El balance económico del Ejecutivo saliente es penoso. Tres años, tres desastres rotundos. El ejercicio de 2020 será el tercero consecutivo en que la comunidad catalana, secular vanguardia económica de España, cederá el liderazgo a la madrileña: el sonoro y dramático sorpasso no es inédito, pero esta vez parece consolidarse por su reiteración. Esto no sucede solo ni principalmente por la discutible competencia fiscal de Madrid, ni por las ventajas de la capitalidad procuradas —como sucede también en otros países— a causa de la globalización. Ha ocurrido por la corrupción sistémica combinada con el ensimismamiento, la dejadez administrativa, la inseguridad jurídica creada artificialmente y el desapego de los sucesivos Gobiernos secesionistas hacia la economía y el mundo empresarial. La abrumadora mayoría de las 4.000 empresas huidas desde el referéndum del 1-O de 2017 no han devuelto su sede social a territorio catalán. Y la inversión extranjera decae año tras año en relación con la principal competidora, la Comunidad de Madrid: no hay ahí coartada posible, pues esa inversión es inmune a los incentivos de las exenciones y desgravaciones en los impuestos de patrimonio, sucesiones y donaciones.
Ocho años de numantinismo separatista, además fracturado, redundan ideológicamente en un debilitamiento de sus proclamas.

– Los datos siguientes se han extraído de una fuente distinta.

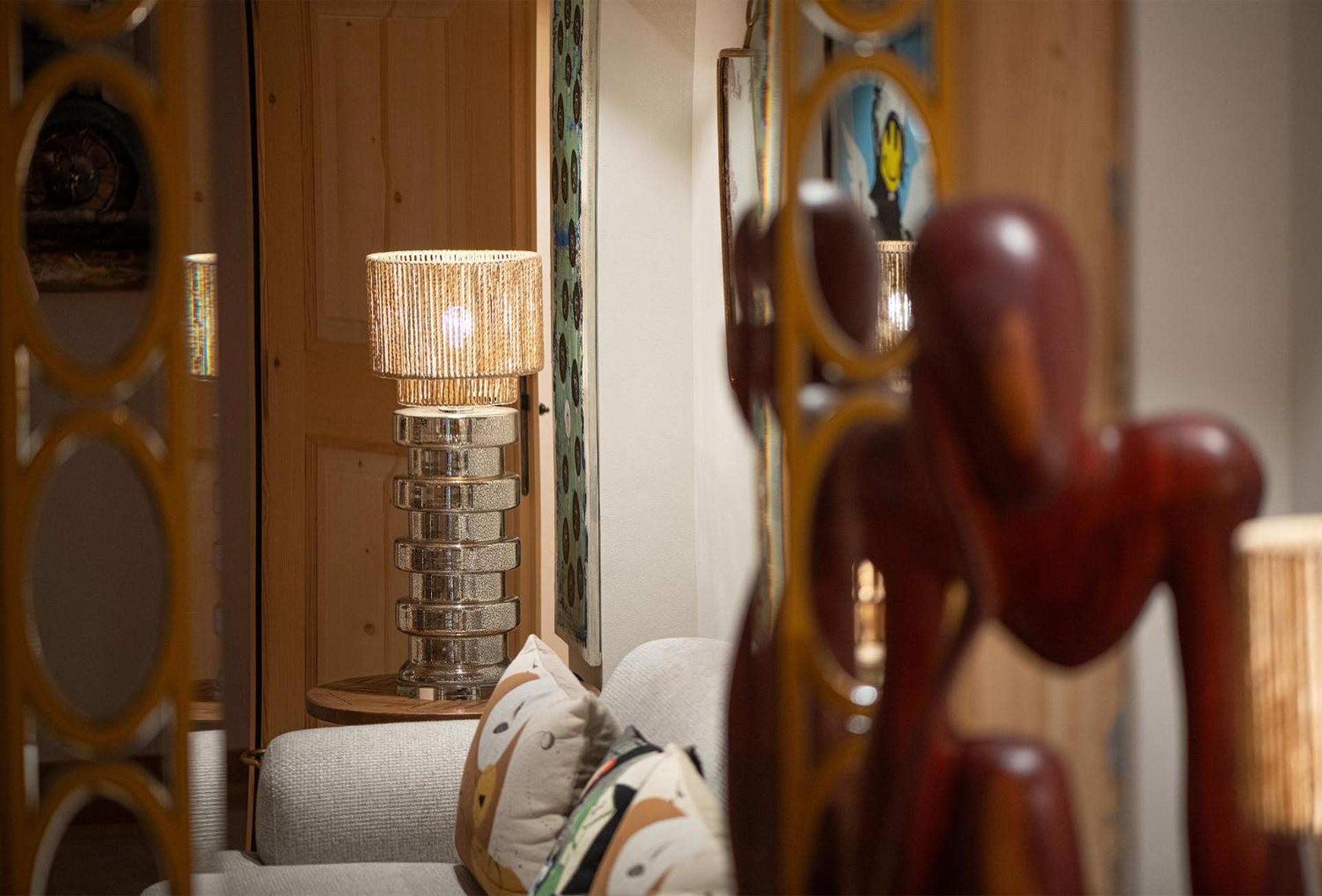 Suite 31 - Photo 16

Los partidarios del aislacionismo suman menos que nunca en las encuestas, aunque el arrastre de las siglas, la propaganda sectaria de los medios públicos y una cierta empatía social con las penalidades de algunos dirigentes mantengan paradójicamente altas las cotas de aceptación hacia los partidos que lo postulan.
La imagen moderna, vanguardista y atrevida que políticamente definió ayer a Cataluña ha seguido capotando. La Generalitat no ha recibido una sola visita internacional digna de tal nombre. La fisura social permanece y las instituciones siguen autodesacreditándose: el Parlament, enredado en mociones tan sonoras como inanes; la figura del president, desaparecida como tal —algo que no ocurrió durante la dictadura, gracias a la entereza de Josep Tarradellas—; el entero autogobierno viendo cómo sus (escasas) leyes de nueva factura eran desautorizadas por el Consell de Garanties Estatutàries o desmochadas, a causa de su inconsistencia técnica, por el Tribunal Constitrucional. Y los episodios de violencia callejera —por fortuna contrarrestados en su momento por un conseller, Miquel Buch, a quien esa actitud responsable le costó ser purgado— han sido muy nefastos, aunque pasajeros.
Las elecciones del 14-F permitirían repensar errores y replantear estrategias. Deben celebrarse en todo caso con total garantía de salud pública y seguridad. Ya se deduce de la experiencia a qué resultados abocaría la repetición mimética del pasado modelo de gobernanza. Pero todo está relativamente abierto y hay a disposición de los electores muchas fórmulas, y de distintos signos.